Working data:
Segment Open
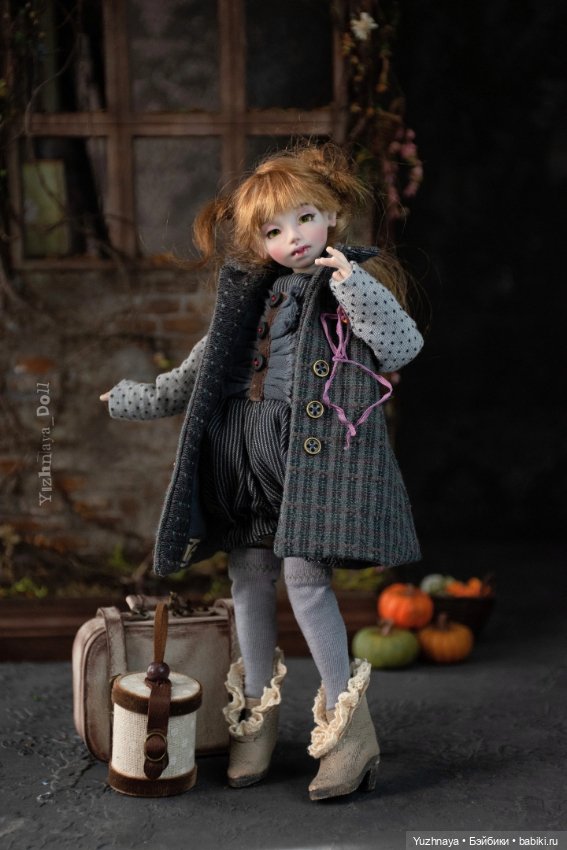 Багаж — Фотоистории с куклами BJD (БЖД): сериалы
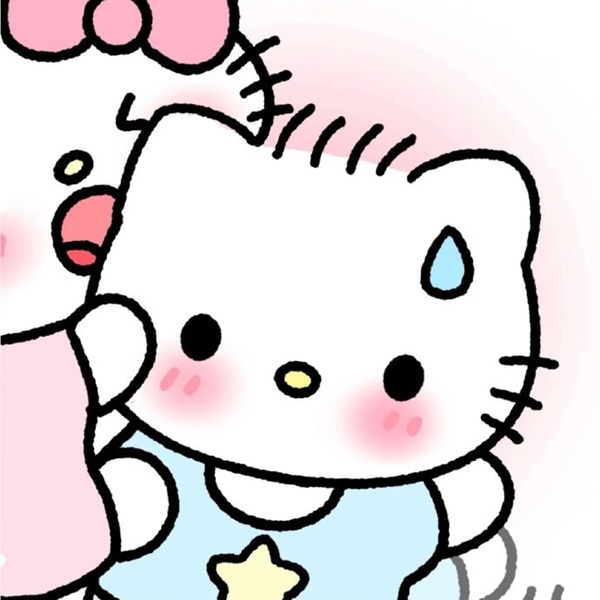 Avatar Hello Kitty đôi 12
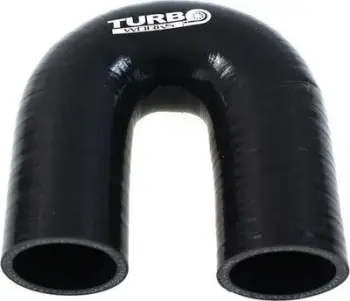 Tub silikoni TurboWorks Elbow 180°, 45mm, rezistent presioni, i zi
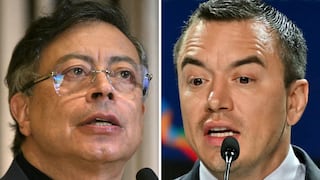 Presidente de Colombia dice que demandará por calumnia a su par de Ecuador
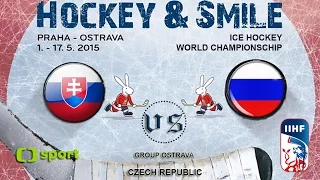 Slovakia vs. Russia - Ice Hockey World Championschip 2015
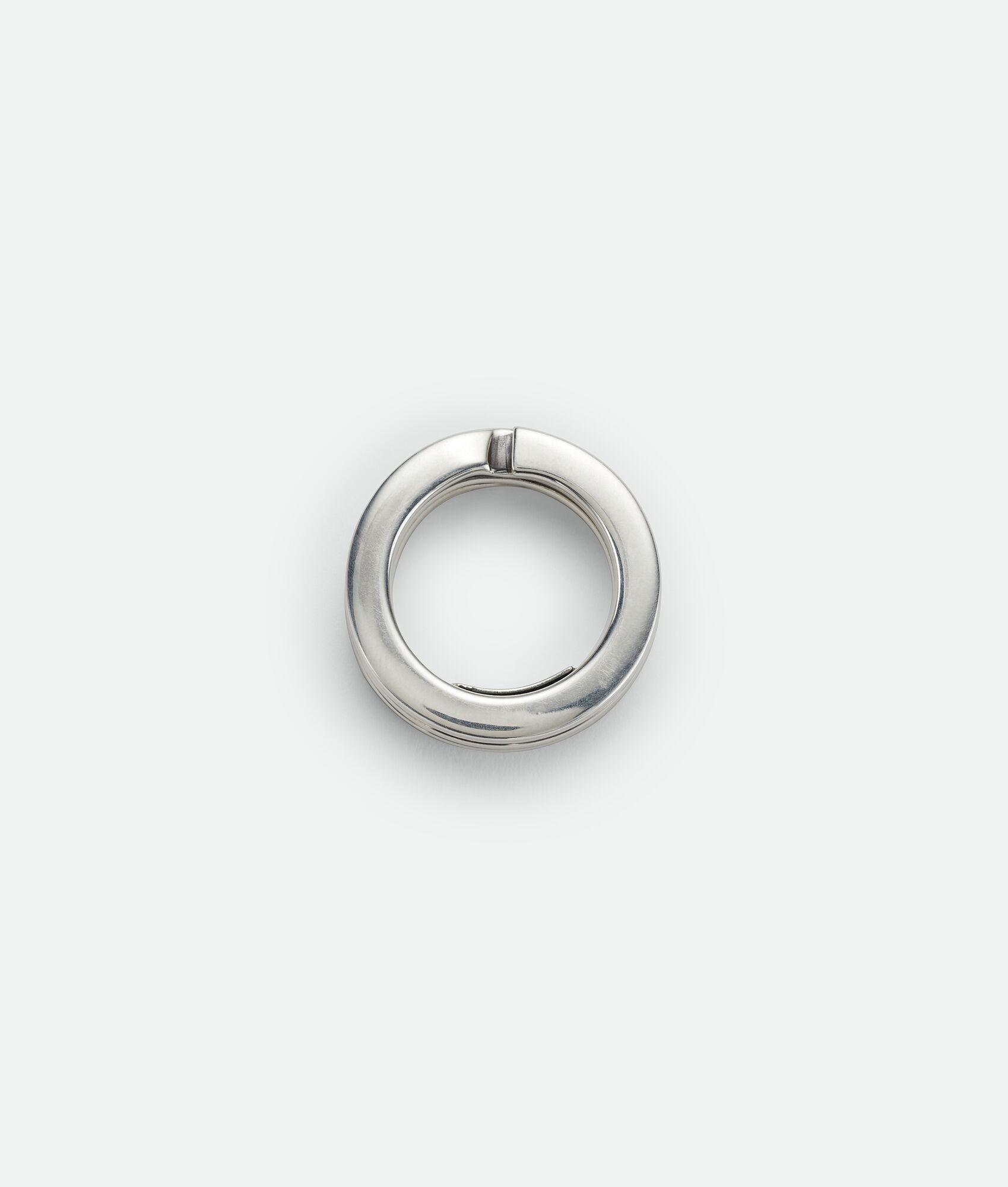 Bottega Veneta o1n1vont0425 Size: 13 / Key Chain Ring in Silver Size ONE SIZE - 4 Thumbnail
Segment Closed
Segment Open
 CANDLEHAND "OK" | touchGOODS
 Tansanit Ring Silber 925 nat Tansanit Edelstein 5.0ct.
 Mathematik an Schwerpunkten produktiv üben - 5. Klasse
Segment Closed
Problem description: Nothing but the lines above, starting at the line that contains "Багаж — Фотоистории" and ending at the line that contains "Bottega Veneta o1n1vont0425", should be given again, exactly and without the pictures.

Your solution:
 Багаж — Фотоистории с куклами BJD (БЖД): сериалы
 Avatar Hello Kitty đôi 12
 Tub silikoni TurboWorks Elbow 180°, 45mm, rezistent presioni, i zi
 Presidente de Colombia dice que demandará por calumnia a su par de Ecuador
 Slovakia vs. Russia - Ice Hockey World Championschip 2015
 Bottega Veneta o1n1vont0425 Size: 13 / Key Chain Ring in Silver Size ONE SIZE - 4 Thumbnail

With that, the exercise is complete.